For information about the YouTube agent tool used in the React Agent system, see Agent Tool System. For general web search capabilities, see Web Search and Content Processing.

Sources: routers/youtube.py1-59 tools/youtube_utils/get_info.py1-77 tools/youtube_utils/get_subs.py1-178

System Architecture

The YouTube integration follows the standard three-tier router-service-tool pattern:

Sources: routers/youtube.py1-59 tools/youtube_utils/__init__.py1-14 tools/youtube_utils/transcript_generator/__init__.py1-22

API Endpoint

POST /youtube

The YouTube router exposes a single endpoint that accepts video URLs and questions.

Request Model:

class AskRequest(BaseModel):
    url: str
    question: str
    chat_history: Optional[List] = []

Response:

{
    "answer": "string"
}

The router performs validation, converts chat history to string format, and delegates to YouTubeService.generate_answer():

routers/youtube.py14-59

Parameter	Required	Description
`url`	Yes	YouTube video URL (youtube.com or youtu.be format)
`question`	Yes	User question about the video content
`chat_history`	No	List of previous conversation messages for context

Sources: routers/youtube.py14-59 models/requests/ask.py (referenced but not provided)

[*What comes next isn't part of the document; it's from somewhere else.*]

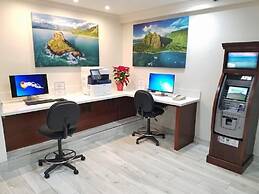 The Imperial Hawaii Resort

Video Information Extraction

The get_video_info() function extracts comprehensive metadata from YouTube videos:

Extracted Metadata:

models/yt.py5-17 defines the YTVideoInfo model with fields:

Field	Type	Description
`title`	str	Video title
`description`	str	Video description
`duration`	int	Duration in seconds
`uploader`	str	Channel/uploader name
`upload_date`	str	Upload date
`view_count`	int	Number of views
`like_count`	int	Number of likes
`tags`	List[str]	Video tags
`categories`	List[str]	Video categories
`transcript`	Optional[str]	Cleaned transcript text

The function uses yt-dlp with options to skip video download and extract only metadata: tools/youtube_utils/get_info.py14-22

Error Handling: The function detects error messages from subtitle extraction and sets transcript to None if known error patterns are found: tools/youtube_utils/get_info.py43-70

Sources: tools/youtube_utils/get_info.py11-76 models/yt.py5-17

Subtitle and Transcript Extraction

The system employs a two-phase approach with automatic fallback:

Phase 1: Subtitle Download

The get_subtitle_content() function attempts to download existing subtitles or captions:

Configuration: tools/youtube_utils/get_subs.py14-25

Writes both manual and auto-generated subtitles
Supports subtitle languages via subtitleslangs parameter
Formats: VTT, SRT, or best available
Skips video download (skip_download: True)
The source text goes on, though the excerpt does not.